Für jene Klientel, die vor allem ihre Abneigung gegen Juden und Deutsche kultiviert, ist Marian Pilka (43) zuständig. Der Historiker Pilka ist Vorsitzender der ehemaligen Regierungspartei Christlich-Nationale Vereinigung (ZChN), die in der Vergangenheit immer wieder durch rassistische Äußerungen und einschlägige Flugblattaktionen Aufmerksamkeit erregte. Pilka macht keinen Hehl aus seiner antideutschen Haltung und der Ablehnung der auf dem Gebiet der Republik Polen noch lebenden deutschen Volksgruppe. Das ZChH dürfte in der AWS dem Einfluß und der Mitgliederzahl nach gleich hinter der nach eigenen Angaben 1,8 Millionen Mitglieder zählenden Solidarnosc rangieren.

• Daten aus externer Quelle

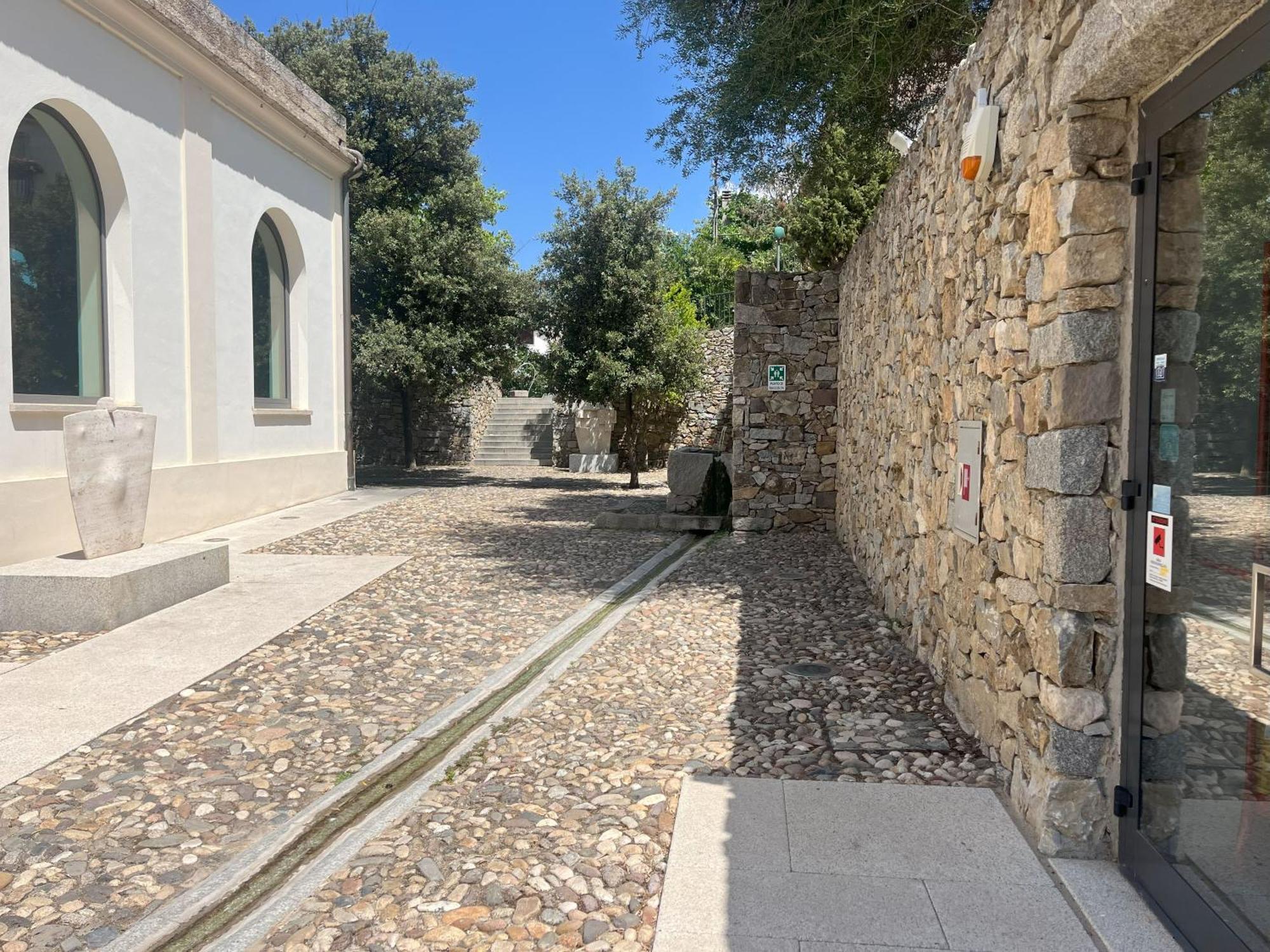 Casa Ziranu Sa Domo E Su Cantaru Orani المظهر الخارجي الصورة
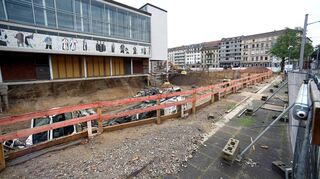 Hier entstehen unterirdische Werkstätten für das Nationaltheater: die Grube Richtung Friedrichsring.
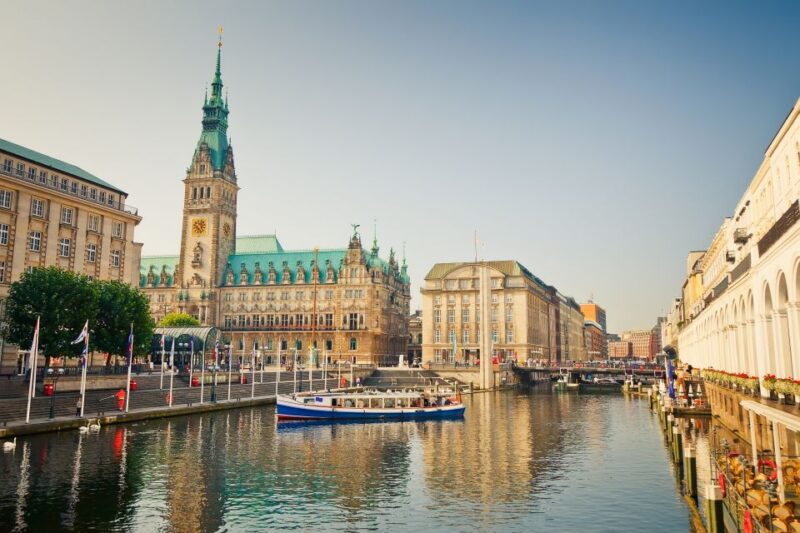 Wine and Food Tasting Tour in Hamburg Old Town - Logistics: Meeting, Guides, and Accessibility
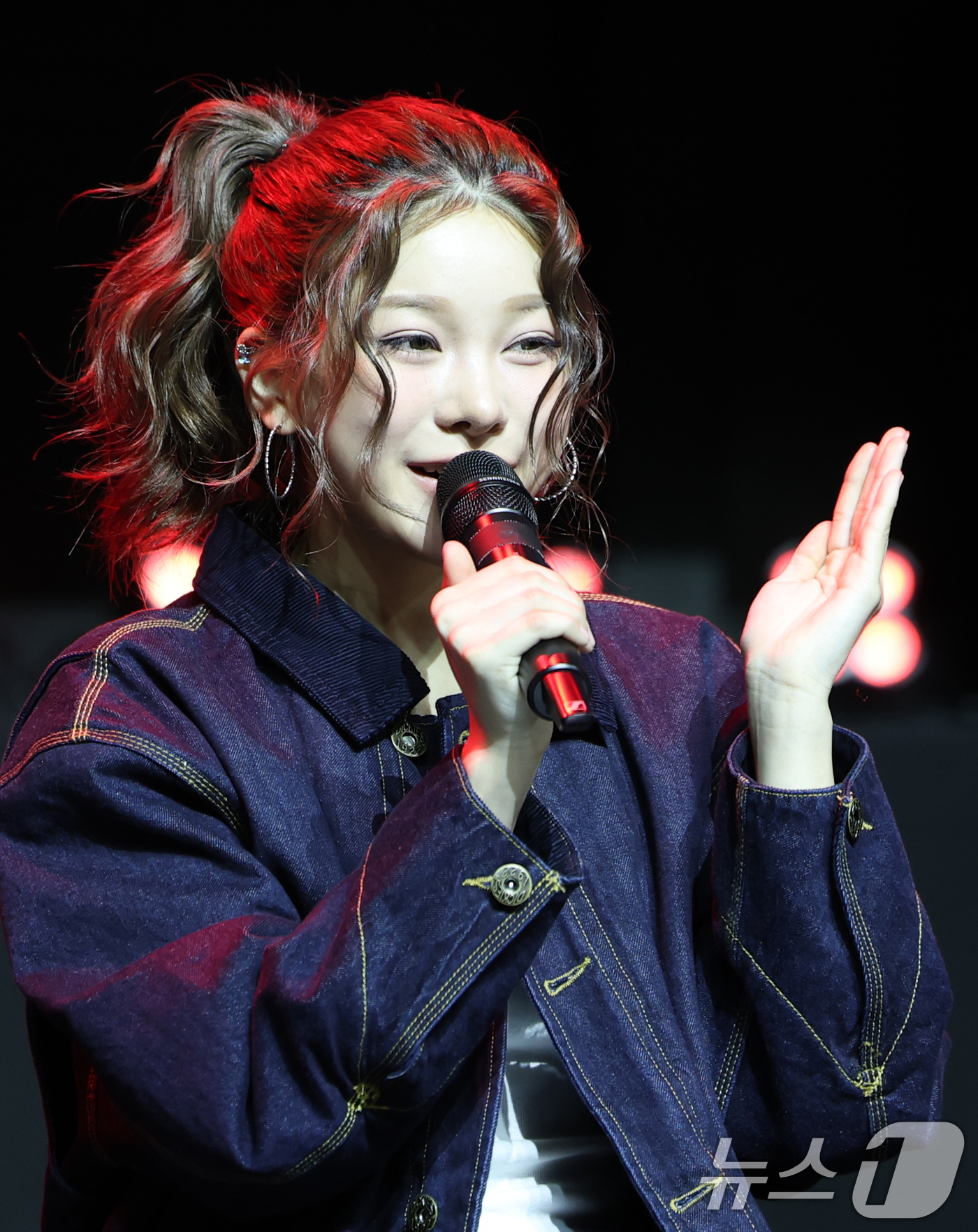 (서울=뉴스1) 권현진 기자 = 그룹 영파씨(YOUNG POSSE) 지아나가 4일 오후 서울 서울 서대문구 예스24 원더로크홀에서 가진 스페셜 앨범 'COLD' 발매 기념 쇼케이스 …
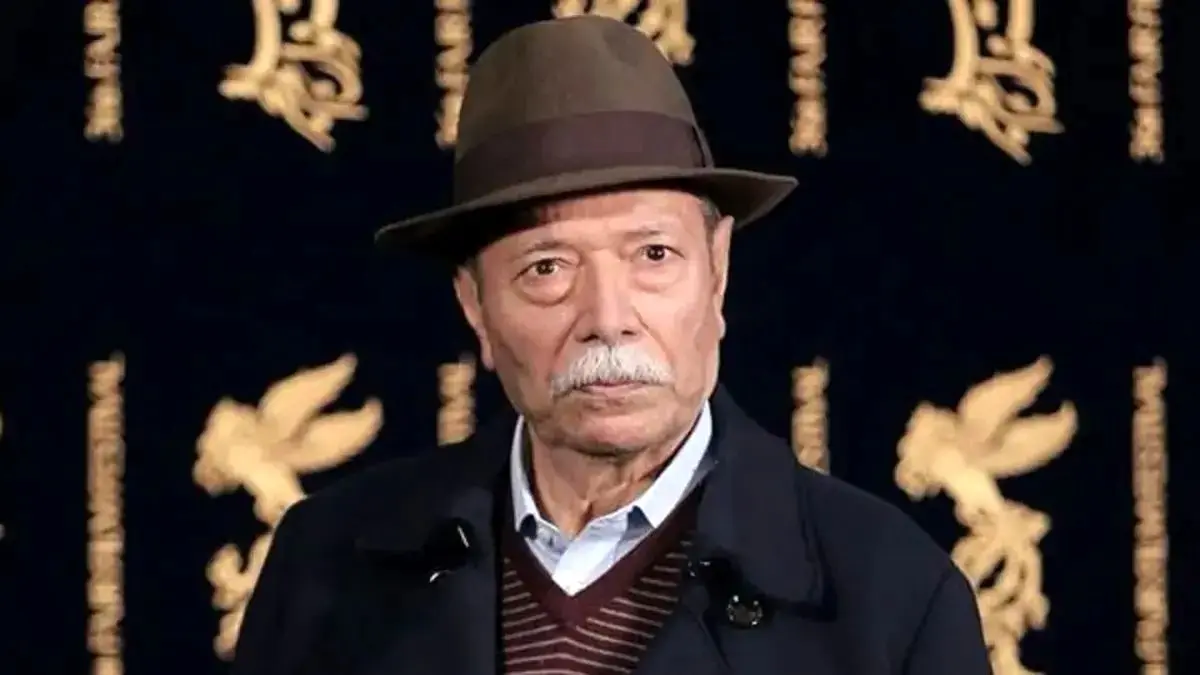 ببینید؛ سخنان بغض‌آلود استاد علی نصیریان در جمع دانشجویان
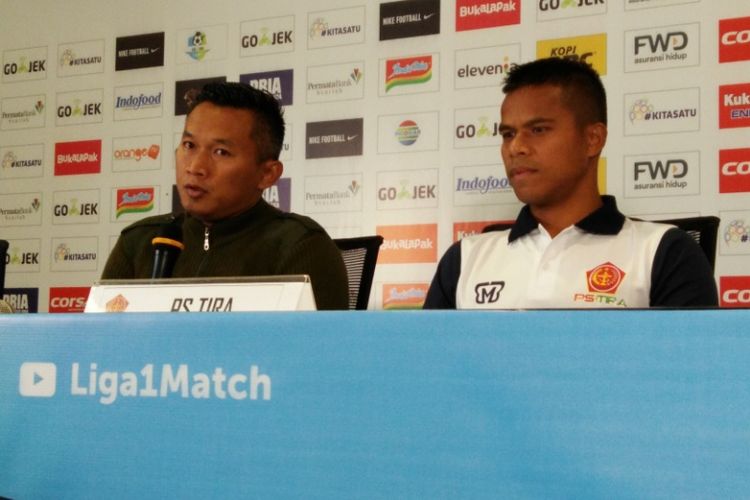 Pelatih PS Tira Rudy Eka bersama kapten tim Manahati Lestusen dalam konferensi pers jelang laga kontra Persib di Graha Persib, Jalan Sulanjana, Minggu (25/3/2018).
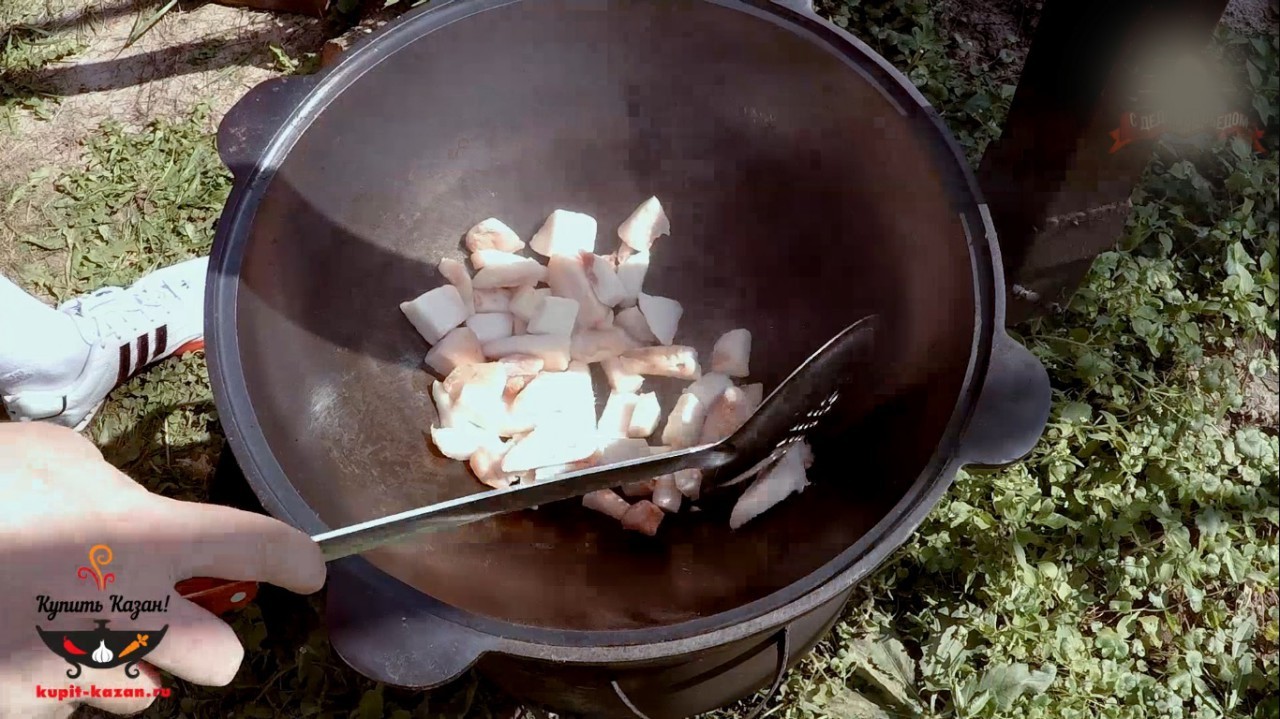 Dumlyama in a cauldron - My, With grandfather at lunch, Dumlyama, Meat, Food, Yummy, Recipe, Video, Longpost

Trotzdem wird sich aller Wahrscheinlichkeit nach an dem vom amtierenden linken Regierungsbündnis eingeschlagenen außenpolitischen und wirtschaftspolitischen Kurs auch bei einer von der AWS geführten Regierung nichts Wesentliches ändern. Was speziell das aus den Reihen der AWS zu erwartende Störfeuer auf die deutsch-polnischen Beziehungen betrifft, so dürfte es vom Einfluß des möglichen Koalitionspartners, nämlich der der deutschen CDU oder FDP vergleichbaren, tendenziell deutschfreundlicheren "Freiheitsunion" von Leszek Balcerowicz (ca. 15 Prozent der Stimmen) abhängen, wieviel Schaden tatsächlich angerichtet wird.

Im Hinblick auf die Interessen der deutschen Minderheit, die voraussichtlich nur zwei oder drei Sitze im Sejm besetzen kann, sind die Perspektiven jedenfalls nicht gerade rosig, zumal sich in Oberschlesien eine grundsätzliche Politikverdrossenheit breitgemacht hat. Hier könnte allenfalls eine forcierte Regionalisierung Polens Abhilfe schaffen, die von den Postkommunisten bisher weitgehend blockiert worden ist.

Vor allem anderen dürfte in den kommenden Monaten die folgende Frage interessieren: Wie lange kann das buntscheckige Parteienbündnis AWS das sich abzeichnende Gerangel um Posten und Pöstchen durchhalten? Denn genau hieran scheiterte einst die mächtige Solidarnosc-Bewegung.